After 1867 Canada began to assert itself more firmly in international affairs and, most significantly, played a major role in World War I.  It was chiefly this that enabled Canada to be a separate signatory to the Treaty of Versailles and to be accepted as a full member of the League of Nations.

A similar process occurred in the other self-governing nations of the British Empire, and the Empire itself was increasingly referred to as the British Commonwealth. [4]  By 1931 the nations seen as essentially self-governing were Canada, Australia, New Zealand, Newfoundland (not yet part of Canada), the Irish Free State (i.e. before becoming the Republic of Ireland), and South Africa.  Beginning in 1907 they came to be described as “self-governing dominions” and later simply “dominions”.  But the word “dominion” was never defined with any precision, and, as described by Peter Oliver, “Without a more precise definition . . . , politicians could simply point to examples of nations that had acquired the status.” [5]

After 1907 a number of imperial conferences were held, in which representatives of the United Kingdom and the various dominions came together to discuss matters of mutual concern.  At the 1926 Imperial Conference the Proceedings [6] included reports of different committees, one of which was the Inter-Imperial Relations Committee chaired by the Earl of Balfour (Arthur Balfour).  The report of this committee contained what has come to be known as the Balfour Declaration of 1926, [7] which, in reference to the dominions, stated:

They are autonomous communities within the British Empire, equal in status, in no way subordinate one to another in any aspect of their domestic or external affairs, though united by a common allegience to the Crown, and freely associated as members of the British Commonwealth of Nations. [8]

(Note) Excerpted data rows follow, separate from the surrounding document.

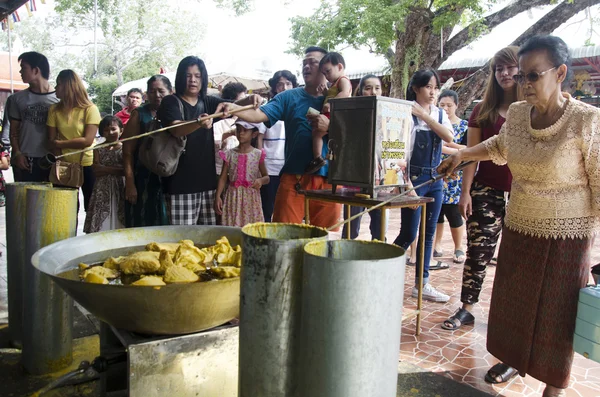 Thai people join melting cast candle offer to temple in traditio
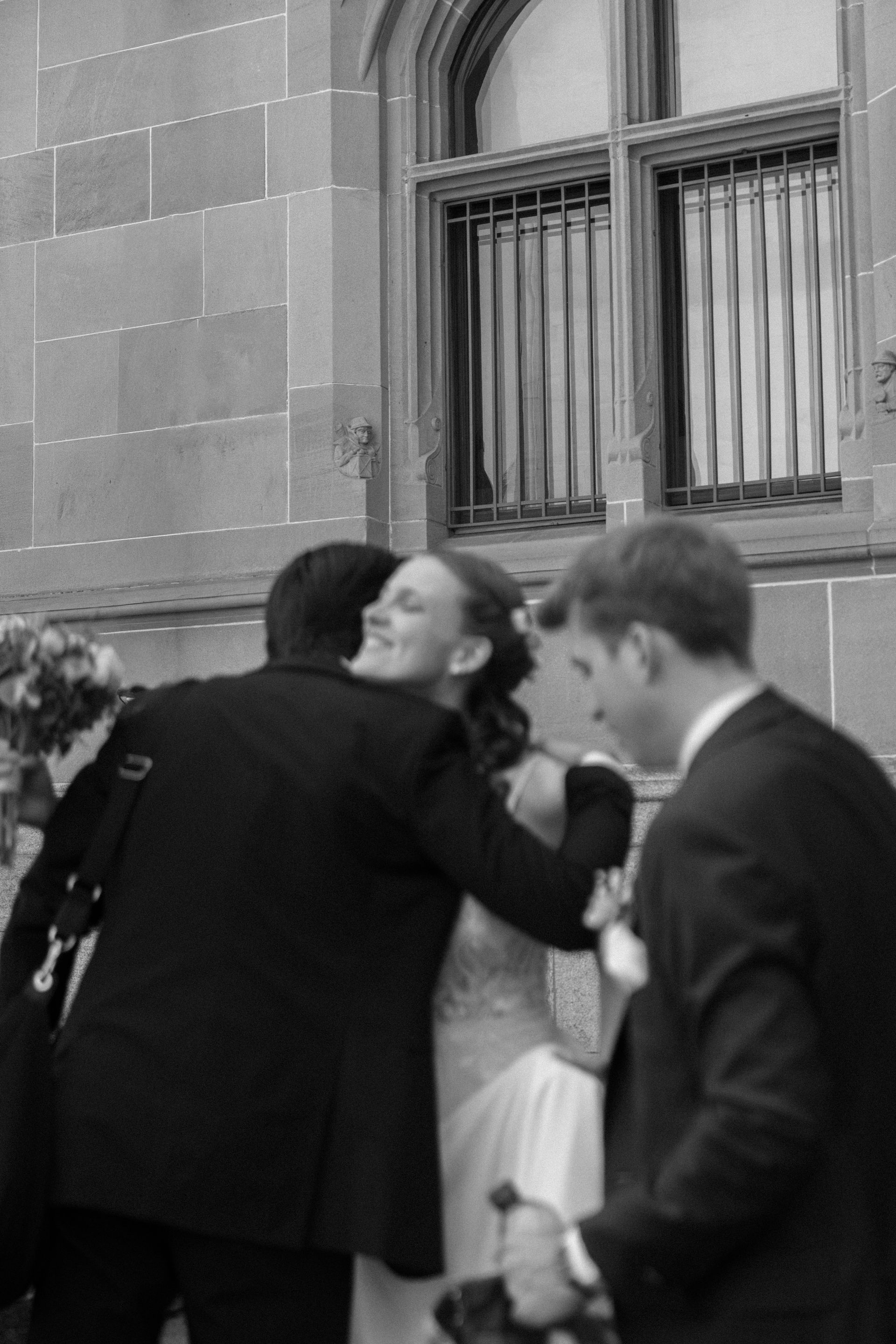 A bride hugging her guests after the ceremony, in black and white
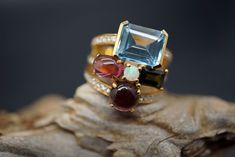 Ring wide: 0.75''/19.5mm Band wide: 0.37''-0.2''/9.8mm-5.2mm This statement ring is made of topaz, tourmaline, opal, diamond, and 18K gold. It's gorgeous and elegant. Perfect for any occasion. Thank you for your interest. Please check out our other items and be sure to add us to your favorites! We look forward to the opportunity of serving you. Formal Multi-stone Tourmaline Ruby Ring, Formal Multi-stone Ruby Ring With Tourmaline, Luxury Multi-stone Tourmaline Ring, Formal Multi-stone Tourmaline Sapphire Ring, Luxury Multi-stone Sapphire Ring With Tourmaline, Diamond Topaz Ring, Garnet Bead Bracelet, Opal Diamond Ring, Multi Gemstone Ring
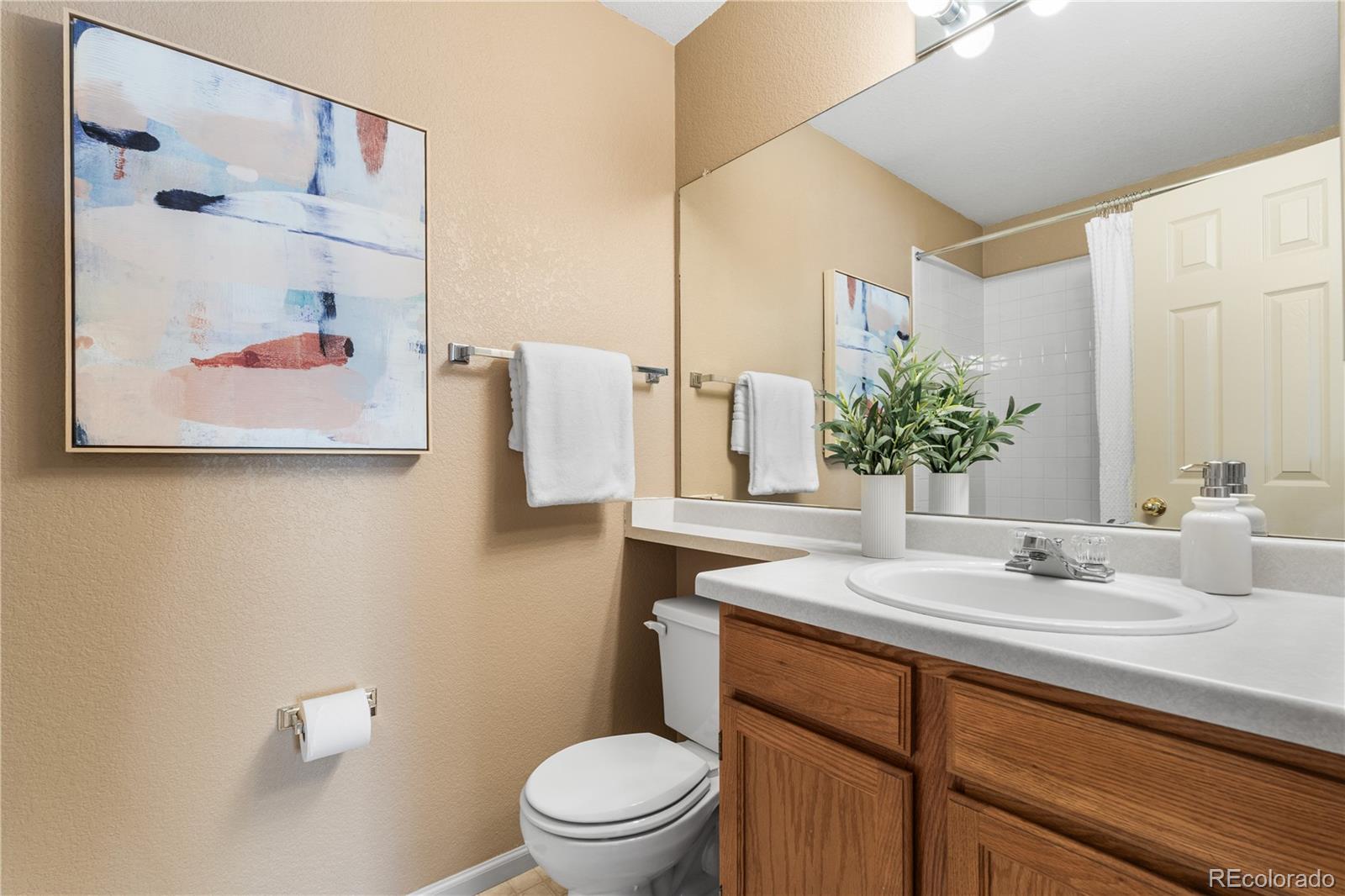 12799 East Wyoming Circle Aurora, CO 80012 - Photo 30 of 44 a bathroom with a sink a toilet and shower curtain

What is particularly interesting is that the declaration did not create any new status (and the committee had no authority to do so) but, rather, seemed to be describing a state of affairs that already existed.  This view is supported by the Statute of Westminster itself, the preamble of which specificlly refers to the declarations and resolutions of the Imperial Conferences of 1926 and 1930 and states that

. . . it is in accord with the established constitutional position that no law hereafter made by the Parliament of the United Kingdom shall extend to any of the said Dominions as part of the law of that Dominion otherwise than at the request and with the consent of that Dominion.

But even if the principles of the Balfour Declaration can be seen as constitutional conventions, they would have been unenforcible in the courts, and the Statute of Westminster goes on to state that

. . . it is necessary for the ratifying, confirming and establishing of certain of the said declarations and resolutions of the said Conferences that a law be made and enacted in due form by authority of the Parliament of the United Kingdom.

In addition to ending the authority of the United Kingdom Parliament to pass legislation extending to the dominions other than at their request and with their consent, [9]  the Statute of Westminster also removed most of the restraints on the legislative authority of the dominions.  In particular, the dominion parliaments were freed from the restrictions of the Colonial Laws Validity Act 1865, [10] thus enabling them to pass legislation that was inconsistent with United Kingdom law, and they were also specifically authorised to legislate with extraterritorial effect.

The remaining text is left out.